Description
I’m working for TensorRT INT8 inference.
Refer to " GTC 2020: Integer Quantization for DNN Inference Acceleration | NVIDIA Developer" , the PTQ performance is good. But when I try this calibration, the result is too worse. And the IInt8EntropyCalibrator
is also worse.
Some information about my test.
- Data set is COCO.
- Network type is
PoseEstimation
Some questions about PTQ.
Is there some way to adjust the
max
ormin
,like, 99.9%, 99.999%, ofIInt8MinMaxCalibrator
?
Because of the low precision of PTQ, I also test the PTQ. But there are some problems when I convert the Tensorflow1.0 model to TensorRT following the guide( GitHub - NVIDIA/sampleQAT: Inference of quantization aware trained networks using TensorRT).
Some questions about QAT
I generated two ONNX QAT model,
and .The left is a part of a large model, and the right is generate from scratch.

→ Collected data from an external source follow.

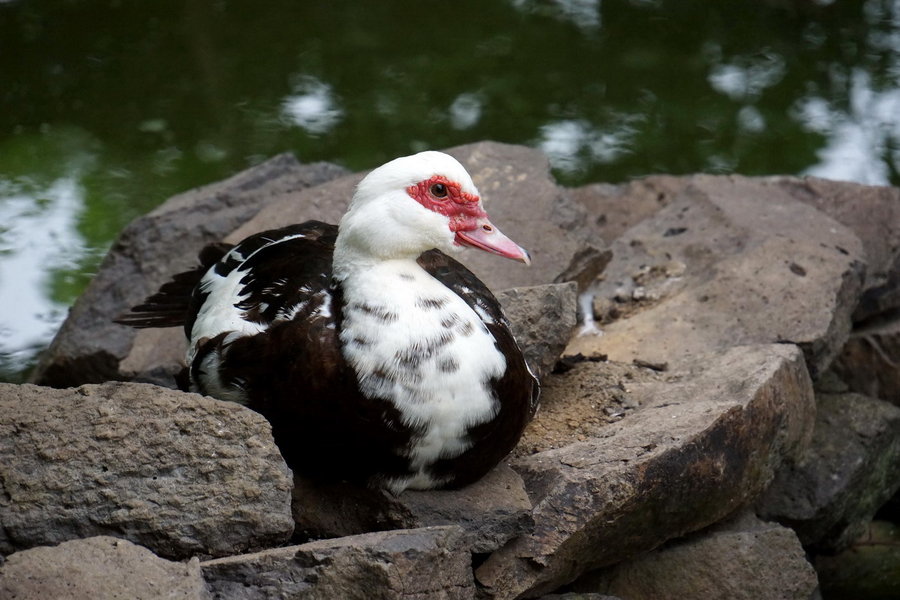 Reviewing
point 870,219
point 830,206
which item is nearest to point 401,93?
point 830,206

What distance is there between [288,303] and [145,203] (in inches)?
128

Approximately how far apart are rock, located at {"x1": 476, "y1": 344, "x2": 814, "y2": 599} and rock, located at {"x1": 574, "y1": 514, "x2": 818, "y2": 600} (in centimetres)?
8

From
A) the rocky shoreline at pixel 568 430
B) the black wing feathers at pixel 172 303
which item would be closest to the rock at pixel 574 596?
the rocky shoreline at pixel 568 430

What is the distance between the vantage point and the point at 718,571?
3.38 m

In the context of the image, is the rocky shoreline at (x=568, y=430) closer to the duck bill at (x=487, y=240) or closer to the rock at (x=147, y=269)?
the rock at (x=147, y=269)

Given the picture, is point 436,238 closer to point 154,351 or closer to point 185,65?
point 154,351

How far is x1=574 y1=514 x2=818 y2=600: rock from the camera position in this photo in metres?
3.36

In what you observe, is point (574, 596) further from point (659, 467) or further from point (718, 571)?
point (718, 571)

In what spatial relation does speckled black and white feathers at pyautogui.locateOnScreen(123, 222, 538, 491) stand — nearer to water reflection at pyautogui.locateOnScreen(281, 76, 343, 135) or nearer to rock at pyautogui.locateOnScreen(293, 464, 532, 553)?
rock at pyautogui.locateOnScreen(293, 464, 532, 553)

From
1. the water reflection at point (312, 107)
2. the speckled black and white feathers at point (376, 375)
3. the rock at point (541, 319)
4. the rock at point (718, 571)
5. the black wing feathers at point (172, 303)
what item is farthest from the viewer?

It look there is no different except for the names. The right can be converted to TensorRT successfully, but the left is return an error, “[TensorRT] ERROR: /home/jenkins/workspace/TensorRT/helpers/rel-7.1/L1_Nightly_Internal/build/source/rtSafe/safeWeightsPtr.h (102) - Assertion Error in setCount: 0 (count >= 0)”.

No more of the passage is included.